Records to process =
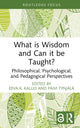 Book cover of: What is Wisdom and Can it be Taught?
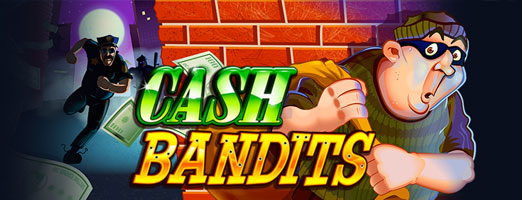 Cash Bandits Slot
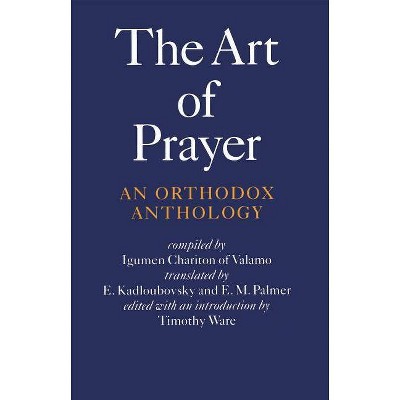 The Art of Prayer - by  Igumen Chariton (Paperback)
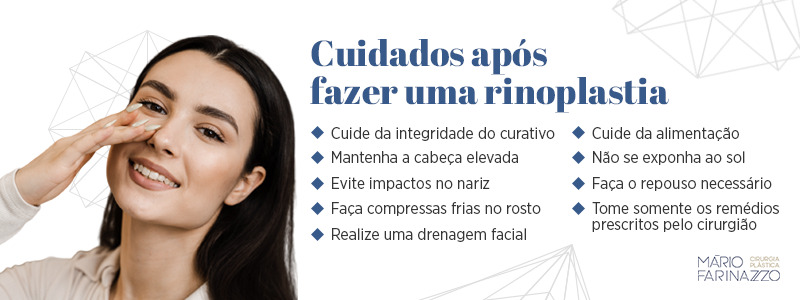 Cuidados após fazer uma rinoplastia: cuide da integridade do curativo, mantenha a cabeça elevada, evite impactos no nariz, faça compressas frias no rosto, realize uma drenagem facial, cuide da alimentação, não se exponha ao sol, faça o repouso necessário e tome somente os remédios prescritos pelo cirurgião.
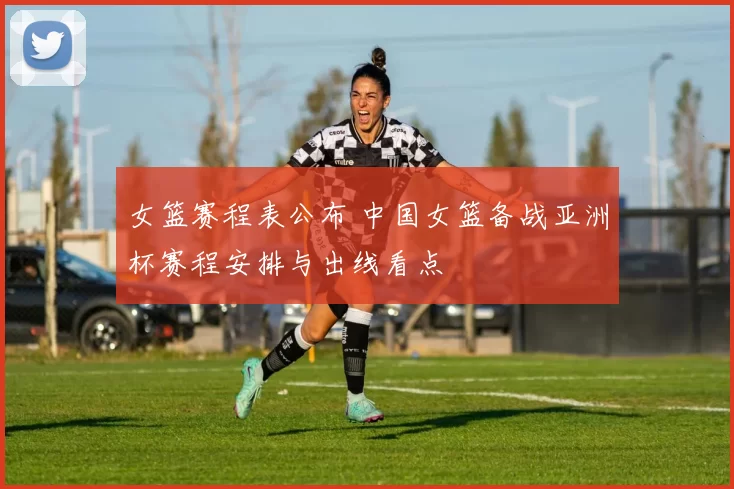 女篮赛程表公布 中国女篮备战亚洲杯赛程安排与出线看点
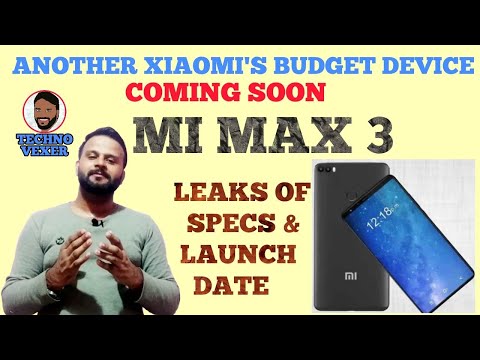 Mi Max 3 LEAKS SPECIFICATION AND LAUNCH DATE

The problem = Starting at the first line of the material, output exactly the lines up to and including the one with "The Art of Prayer". Do not include the pictures.

Solution to this exercise =
 Book cover of: What is Wisdom and Can it be Taught?
 Cash Bandits Slot
 The Art of Prayer - by  Igumen Chariton (Paperback)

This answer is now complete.